How do you know what another person senses, feels or thinks? Through the sharing of stories. Our key tool in organising all these elements and conveying these experiences to others is narrative. We put things together in our heads in the form of stories. Remember, a story is created by telling of the present as it is emerging from the past in the light of future possibilities. Stories are dynamic. They move, they grow, they develop. And every story is unique, because every human being is unique. We feel less alone when we find connections with others through the stories we share. We use the imaginative facility of empathy to try to understand what another person is experiencing.

These experiences of our lives are made up of the sensations we become aware of, the feelings which develop inside us, and the thoughts which allow us to put it all together. All of this is framed inside what sense we make of it all. Two people can have very similar experiences but understand those experiences differently because sense each one makes of it is different.

Owen Flanagan, the philosopher, describes this very well in his book, “The Really Hard Problem”. He points out that there are many different ways of making sense of experience and these different ways lead to very different perceptions and understandings of the world. He describes the idea of “spaces of meaning”. A “space of meaning” is what a person lives in and through which he or she experiences the world. A “space of meaning” is publically available.

He describes six such spaces – art, science, technology, ethics, politics and spirituality.

Each of these six spaces of meaning names, or gestures in the direction of, a large domain of life. Art includes painting, poetry, literature, music and popular culture. Science includes all the sciences, as well as whatever synthetic philosophical picture of persons (or reality) is thought to emerge from the sciences. Politics includes the relevant local and/or nation-state form of government as wel as the legal and economic structures it rests on and/or engenders. Spirituality includes multifarious religious practices and institutions, theologies, and such non-theistic spiritual conceptions as ethical naturalism, secular humanism, pagan shamanism, Confucianism, Buddhism and Stoicism.
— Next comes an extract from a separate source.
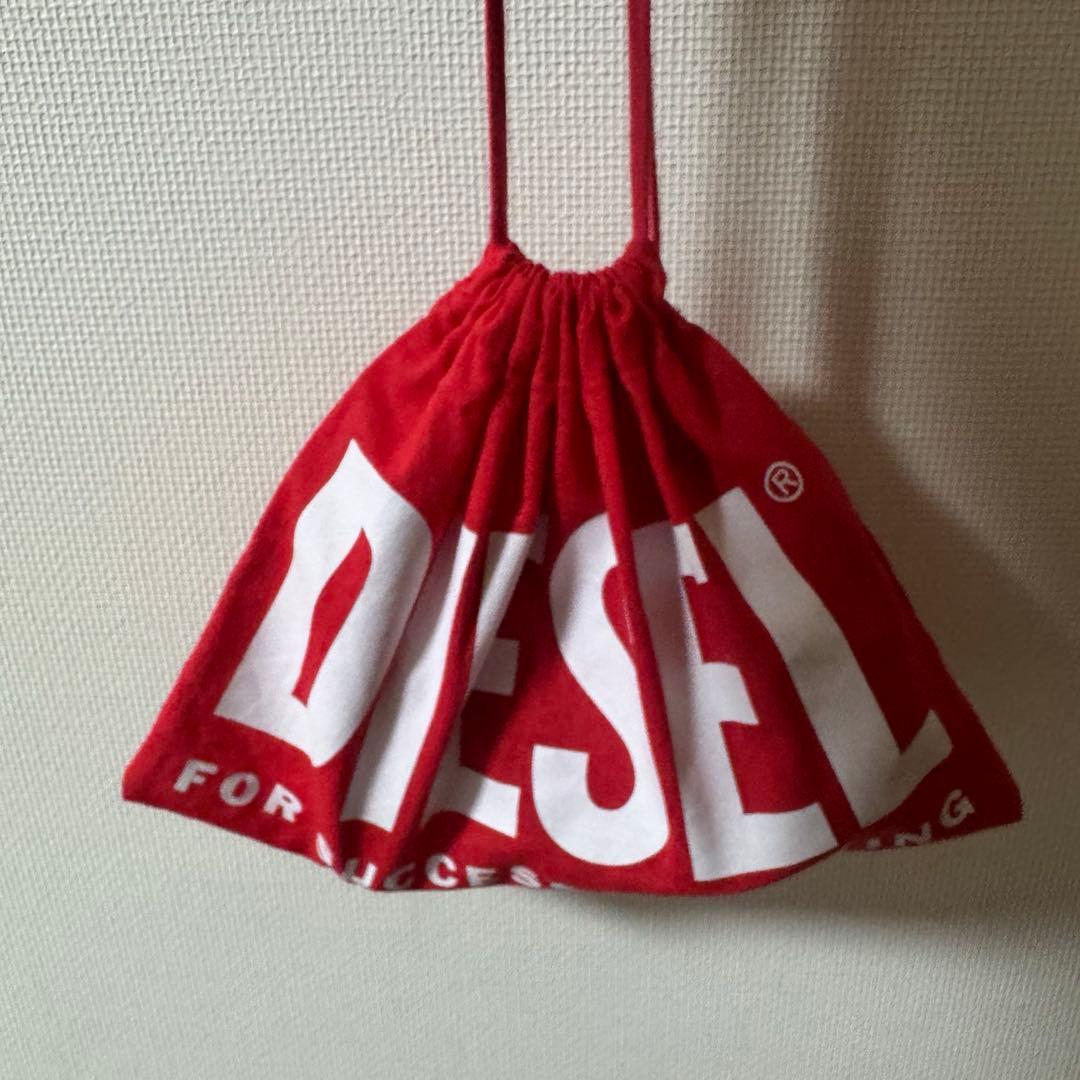 美品！袋付き！値下げ中！DIESEL ブラック レザー ベルト 75/30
If we want to understand how some person or group self-conceives, and what kind of worldview they have, then we can consider how they make sense of their experience in relation to these “spaces of meaning”. There are as many different “worldviews” as there are people. If we are to understand each other and communicate then we need to grasp something of our own and the other’s worldview. For some people, one of these “spaces of meaning” will be pre-eminent – for example, there are some who think that only the scientific worldview is the “right” view and that all others are flawed. Others think the same of a particular religious or political view of life. We connect with those who inhabit the same spaces as we do. Most people don’t inhabit only one of these spaces. We each have our unique cluster, but some people seem almost incapable of seeing the world in any way other than through one particular space.

One of the points Flanagan is making is that there is no single “right” worldview. Those who cannot see that fail to connect with others who make sense of their lives very differently.

I think we can all learn something from a bit of self-reflection. Which of these “spaces of meaning” resonate most strongly with you? What does that tell you about the way you make sense of the world?